Slab City, or the Slabs, is a free campsite and alternative living community located near an active bombing range in the desert city of Niland, California. Previously a WWII base, Marine barracks Camp Dunlap, the campsite earns its name for the concrete slabs that remained long after the military base had been bulldozed and abandoned.
During the winter months, as many as several thousand campers—mostly elderly retirees—flock to this site for the warmer desert weather and lack of fees. These seasonal residents, known as “snowbirds,” live in a variety of housing formats. Though most come to the area in RVs, many set up in abandoned structures, such as old, inoperative buses or driftwood shacks. A small population of people also lives there year-round, braving the harsh summer months when temperatures can reach above 120 degrees Fahrenheit.
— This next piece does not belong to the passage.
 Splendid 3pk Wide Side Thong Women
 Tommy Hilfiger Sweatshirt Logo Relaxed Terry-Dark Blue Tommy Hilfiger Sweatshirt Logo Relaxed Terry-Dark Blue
The permanent residents, also known as “slabbers,” most often end up in Slab City due to poverty (many are said to subsist off government checks), though some also stay for the feeling of freedom that comes with living in an uncontrolled, off-grid area in the middle of the desert. With limited access to electricity, fresh water, or sewage treatment, residents are forced to rely on solar panels and their own waste management systems. The residents share one communal shower, a concrete cistern that is fed by a hot spring 100 yards away.
The lack of government is also what drives many people to Slab City, which is often called “the last free place on Earth. Away from the hustle and bustle of city living, the campsite features its own community library, golf course, sculpture garden, two live music stages, and several social clubs. There are more than a dozen individual neighborhoods within the limits of Slab City. Each has its own rules and culture.
One of those neighborhoods is called East Jesus. Located on the northern edge of Slab City, this area has an outdoor art museum that welcomes visitors. The artwork on display includes a wall built from old television sets, a house that appears to be sinking into the ground, and a collectively-built archway that stands at the entrance. Behind the museum, residents’ trailers surround a communal living space.
Perhaps the community’s most popular slabber was Leonard Knight, the creator of nearby Salvation Mountain. For over 20 years, Knight lived out of his truck and worked continually on his colorful art mountain, which marks the entrance to Slab City. He was finally forced to leave the mountain due to failing health, but still enjoyed local legend status, and received many letters from well-wishers. Leonard has since died, but you can still visit and donate paint.
Slab City has been featured in the non-fiction book and film Into the Wild and in the documentary West of Babylonia.
Know Before You Go
Drive towards Niland on Highway 111, turn east on the street by United Grocery. Travel for 3.5 miles to the city. Salvation Mountain marks the entrance.